Kashinath made a comeback in 2016 through Prashant Raj's Zoom starring Ganesh by playing a key supporting role. This was followed up by his acting as one of the jail inmates in Dwarakish Chitra's 50th project Chowka in 2017.

He featured in the multistarrer Chowka, which was well received. His final onscreen appearance in Olu Muniswamy was released on 25 May 2018.

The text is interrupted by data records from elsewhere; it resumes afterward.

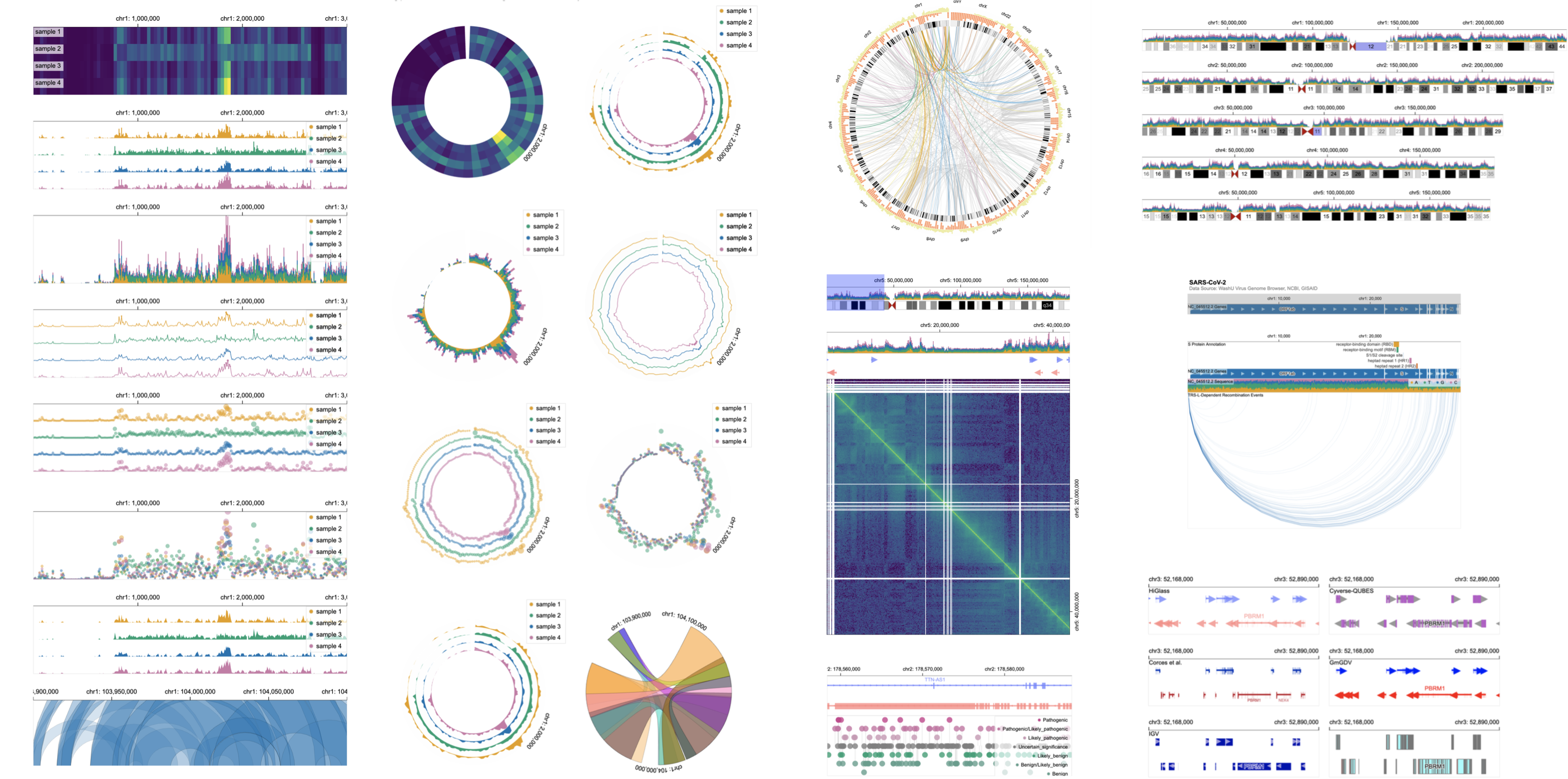 Screenshot of a large number of genomics visualizations displayed using the Gosling genomics visualization grammar.
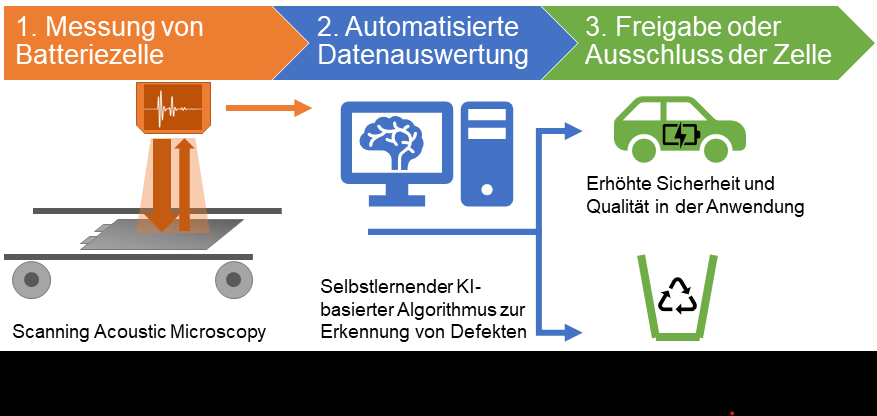 Schematic representation of the project idea: Battery cells are characterized using SAM. The AI-based evaluation is automated. At the end of the quality control, the battery cell is released or excluded.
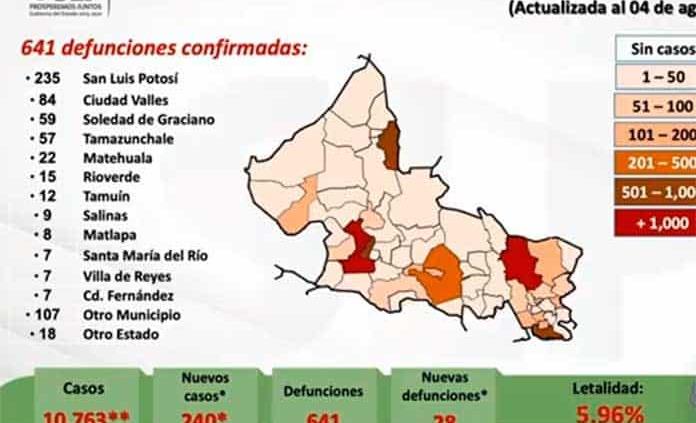 VIDEO | 240 nuevos casos y 28 decesos por coronavirus en SLP, para un total de 10 mil 763 contagios y 641 muertes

He also gifted many new artists to Kannada film industry. Some of them are actor-director Upendra, director Murali Mohan and music director V. Manohar.

==Filmography==
=== As actor ===

| Year | Film | Role | Notes |
| 1982 | Amara Madhura Prema |  |  |
| 1984 | Anubhava | Ramesh | Also director |
| 1987 | Anaamika |  | Also director |
| 1988 | Avale Nanna Hendthi | Vishwanath |  |
| Mithileya Seetheyaru | Himself |  |
| 1989 | Anantana Avantara | Ananthu | Also director |
| Adrushta Rekhe |  |  |
| Thayigobba Tharle Maga |  |  |
| Avane Nanna Ganda | Balu |  |
| Preyasi Preethisu |  |  |
| Love Maadi Nodu | Mangalooru Manjunath |  |
| Manmatha Raja | Manmatha Raja |  |
| Sura Sundaranga | Purushotthama |  |
| Singari Bangari |  |  |
| 1990 | Kaliyuga Krishna |  |  |
| Poli Kitti |  | Dual role |
| Chapala Chennigaraya | Madan Gopal |  |
| Kempu Surya |  |  |
| 1991 | Ajagajantara |  | Also director |
| Nakkala Rajakumari |  | Guest appearance |
| 1992 | Athi Madura Anuraga |  |  |
| 1993 | Love Training |  |  |
| Aatanka |  |  |
| Shhh! | Kashinath |  |
| 1995 | Hendathi Endare Heegirabeku |  | Also director |
| 1996 | Bangarada Mane |  | Special appearance |
| 1997 | Baduku Jatakabandi |  |  |
| 1998 | Hello Yama | Suri |  |
| Chorguru Chandala Sishya |  |  |
| 1999 | Rambhe Urvashi Menake |  |  |
| Meese Hotta Gandasige Demandappu Demandu |  | Also director |
| 2000 | Sundara Neenu Sundari Naanu | Sundar |  |
| Mava Mava Maduve Mado | Gopal |  |
| 2001 | Jackpot | Anand | Telugu film; also director |
| 2004 | Kachaguli |  |  |
| Naari Munidare Gandu Parari |  |  |
| Aha Nanna Tangi Maduve |  | Also director |
| Super Aliya | Ganesh / Vijay | Dual role |
| 2005 | 3Ka (Moorkha) |  |  |
| 2006 | Bitti Thaali Gatti Mela |  |  |
| 2007 | Appachchi | Narasimha | Also director |
| 2012 | 12AM Madhyarathri | Professor |  |
| 2016 | Zoom | Dr. Dhoomakethu |  |
| 2017 | Chowka | Vishwanath | SIIMA Award for Best Actor in a Supporting Role (Male) - Kannada |
| 2018 | Ol Muniswamy | Muniswamy |  |

===As director, writer and producer ===

| Year | Film | Credited as |  |  |  | Notes |
| Director | Writer | Producer | Music director |
| 1976 | Aparoopada Athithigalu | Yes |  |  |  |  |
| 1978 | Aparichita | Yes | Yes | Yes |  |  |
| 1981 | Be-Shaque | Yes | Yes |  |  | Hindi remake of Aparichita |
| 1984 | Anubhava | Yes | Yes | Presenter |  |  |
| 1986 | Anubhav | Yes | Yes |  |  | Hindi remake of Anubhava |
| 1987 | Anaamika | Yes | Yes | Yes |  |  |
| 1989 | Anantana Avantara | Yes | Yes | Yes |  |  |
| 1991 | Ajagajantara | Yes | Screenplay | Yes |  |  |
| 1995 | Hendathi Endare Heegirabeku | Yes | Lyrics | Yes | Yes |  |
| 1999 | Meese Hotta Gandasige Demandappu Demandu | Yes | Story |  |  | Also playback singer |
| 2001 | Jackpot | Yes | Yes |  | Yes | Telugu film |
| 2004 | Aha Nanna Tangi Maduve | Yes | Yes |  |  |  |
| 2007 | Appachchi | Yes | Screenplay |  |  |  |
| 2012 | 12AM Madhyarathri |  |  | Executive |  |  |

==Death==
Kashinath was diagnosed with Hodgkin's lymphoma in mid 2017. He was admitted to the Sri Shankara Cancer Hospital in Bengaluru on 16 January 2018. He died at 7:45 a.m (IST) on 18 January from cardiac arrest.